Former Marengo man gets 28 years in prison for killing Harvard woman

Jonathan Van Duyn pleads guilty to first-degree murder of his girlfriend Michelle Arnold-Boesiger

Michelle Arnold-Boesiger, 33.

The mother of a Harvard woman whose boyfriend killed her and hid her remains in a U-Haul storage locker called him “a coward” before he was sentenced to 28 years in prison Friday.

Jonathan Van Duyn, 35, formerly of Marengo, pleaded guilty to first-degree murder in a Winnebago County courtroom in the death of his girlfriend Michelle Arnold-Boesiger, 33.

He could have been sentenced to more than 60 years in prison.

In exchange for his guilty plea, an additional count of murder and concealment were dismissed.

Van Duyn is serving 7 1/2 years of a 12 1/2 year sentence in a Wisconsin prison for the kidnapping of his 10-year-old daughter from her mother’s home in Wisconsin.

After a few days missing in December 2020, the pair were found safe in Indiana. Authorities later discovered Arnold-Boesiger’s remains about three months later inside the storage unit in Roscoe, Illinois, in Winnebago County.

“You took this family’s heart away, is what you did.”

—  Winnebago County Judge Jennifer Clifford

Last year, Van Duyn was transferred to Winnebago County Jail and held on a $5 million bond to await his trial for the murder of Arnold-Boesiger.

He will be transferred to Waupun Correctional Institution in Wisconsin where he will finish serving his time for the kidnapping.

Van Duyn then will be transferred to Illinois where he will serve the full 28 years for killing Arnold-Boesiger, Winnebago County Judge Jennifer Clifford said.

Upon his release, after serving a total of roughly 35 1/2 years in prison, he will be about 70 years old. He will then serve three years of mandatory supervised release. He also is required to pay $999 in fees and fines, Clifford said.

According to Winnebago County court documents, Arnold-Boesiger’s remains were discovered in the storage unit in March of 2021. Authorities have said they believed she was killed on or around Nov. 15, 2020, when she was reported missing.

Because of the level of decomposition authorities were unable to determine the cause and date of death, Ken LaRue, first assistant of the Winnebago County State’s Attorney’s Office criminal division, said in court Friday.

As he laid out the facts of the case, LaRue said that Van Duyn told his daughter that he killed Arnold-Boesiger. After killing her, Van Duyn was using her credit cards and filling her prescriptions, LaRue said.

When police arrested Van Duyn in Indiana they found writing on the walls of the camper they were staying in and within his personal journals that referenced Nov. 15, 2020, as the day he “was finally free,” according to court documents.

Van Duyn and Arnold-Boesiger had been in a romantic relationship, and Van Duyn began to physically abuse her, LaRue said.

Arnold-Boesiger’s mother Nancy Bulava tearfully read a statement in court calling Van Duyn a “coward” and telling him he ripped her heart out the day he killed her daughter.

She said he deserves the maximum sentence without parole and wanted him to serve the time for her daughter’s death prior to the Wisconsin term so that she would be alive to see it.

“Shelly from birth was strong willed,” Bulava said. “She had everyone’s heartstrings within her reach. ... She had the most infectious laugh [that] I will never forget. Her [two] sons ... were her everything. Shelly lived and breathed her boys.”

She also spoke of her daughter’s tiny stature and the many health conditions that she was medicated for. She said Van Duyn became abusive toward her daughter and stole her prescriptions.

She said prior to Van Duyn moving in with her daughter “she was doing awesome” after doctors had found the right treatments for her medical conditions.

Bulava said her daughter told her Van Duyn was physically abusive and that if anything happened to her “Jonathan did it.”

She also said Arnold-Boesiger would not tell her where she lived. Around the time she died, she was telling her mom that she was “working on a way to leave him.”

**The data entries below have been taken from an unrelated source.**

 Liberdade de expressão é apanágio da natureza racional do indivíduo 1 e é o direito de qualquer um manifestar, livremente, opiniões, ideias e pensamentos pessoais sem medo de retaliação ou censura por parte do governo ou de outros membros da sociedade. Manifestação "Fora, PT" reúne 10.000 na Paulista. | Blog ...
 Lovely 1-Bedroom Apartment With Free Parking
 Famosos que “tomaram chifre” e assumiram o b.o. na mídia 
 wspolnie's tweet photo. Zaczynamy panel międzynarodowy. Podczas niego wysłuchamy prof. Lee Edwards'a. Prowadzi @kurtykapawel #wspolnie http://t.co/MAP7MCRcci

“I don’t know what he had on her to keep her there when she clearly wanted to leave,” Bulava said. “I know she was afraid and my daughter was not weak.”

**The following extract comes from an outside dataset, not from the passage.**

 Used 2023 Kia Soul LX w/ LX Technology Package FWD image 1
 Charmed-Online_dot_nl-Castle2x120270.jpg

She said she sees the lives of her daughter’s friends continuing “but my heart will forever be broken.”

“All we have are our memories of the past,” Bulava said later adding that he should have just walked away from the relationship but “chose evil over good.”

“Shelly deserved happiness, she fought so hard for it,” her mother said.

When offered a chance to speak for himself, Van Duyn declined.

Before Van Duyn was taken out of the courtroom, Clifford said she hopes he thinks about what he did and that he atones for it. She also told him to think about how he hurt Arnold-Boesiger’s mother and her family.

Clifford told him that as a parent himself he should know that a child is “your heart living outside your body.”

“You took this family’s heart away, is what you did,” Clifford said.